Mission’s primary question is still unanswered, which is ‘how many planets are habitable?’

Scientists all across the world studied Kepler Space Telescope’s data for many years, and they believe that they have obtained the answer. There are around three-hundred-million habitable planets in our galaxy, which means that the rocky worlds that are capable of holding liquid water on their surface, a study published in The Astronomical Journal.

In a news press, NASA described that the number is a rough calculation on the conservative side, and there could be several more. Moreover, several of those planets could be considered as interstellar neighbors; the closest is near to twenty light years away.

NASA finds almost 300 million likely habitable planets in our galaxy
NASA finds three hundred million habitable planets,
Source: Web

A good portion of planets might be habitable

In a press release, Steve Bryson (lead author) and NASA researcher said that Kepler already told them there were billions of more planets, but now they know a good portion of those planets might be habitable.

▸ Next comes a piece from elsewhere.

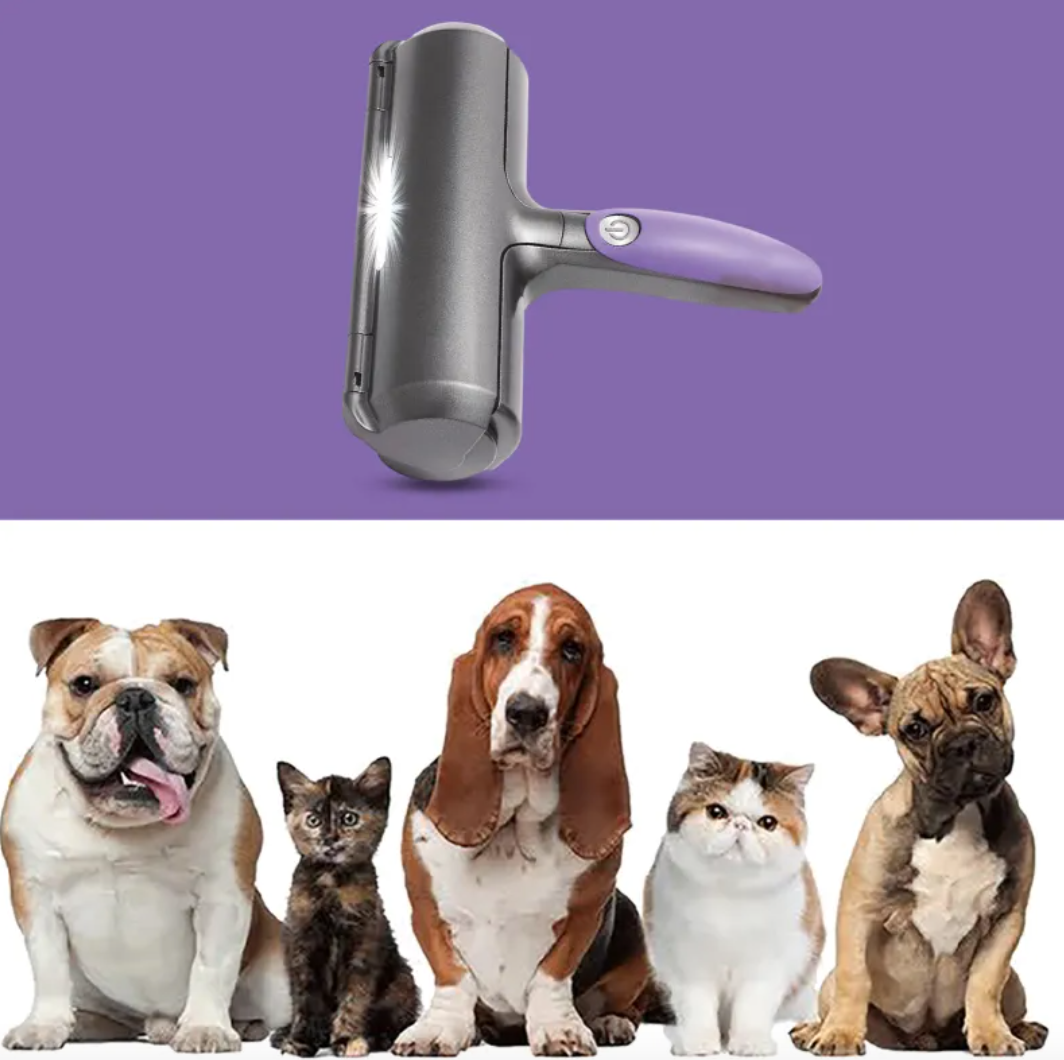 Luva/Escova de Silicone Removedora de Pelo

Although this outcome is far from the final value, and water on the surface of the planet is one of many other factors to support life, and it is enormously exciting that they counted these planets are this common with such precision and confidence.

This research was global teamwork between scientists of NASA who operated on the Kepler mission and researchers and scientists from international firms from Brazil to Denmark.

According to NASA’s estimates, there are around a hundred to four-hundred billion stars in our galaxy (Milky Way). It means that each star in the sky likely hosts one planet minimum, which in turn describes that there are probably trillions of worlds out there, from which they have just confirmed and founded a few thousand.

There are many factors that determine whether a world or planet is habitable, including its chemical composition and its atmosphere. Moreover, scientists searched for those start that is similar to our Sun in temperature and age. Scientists even searched for exoplanets that have a similar radius to Earth, and they cited those that were probably to be rocky.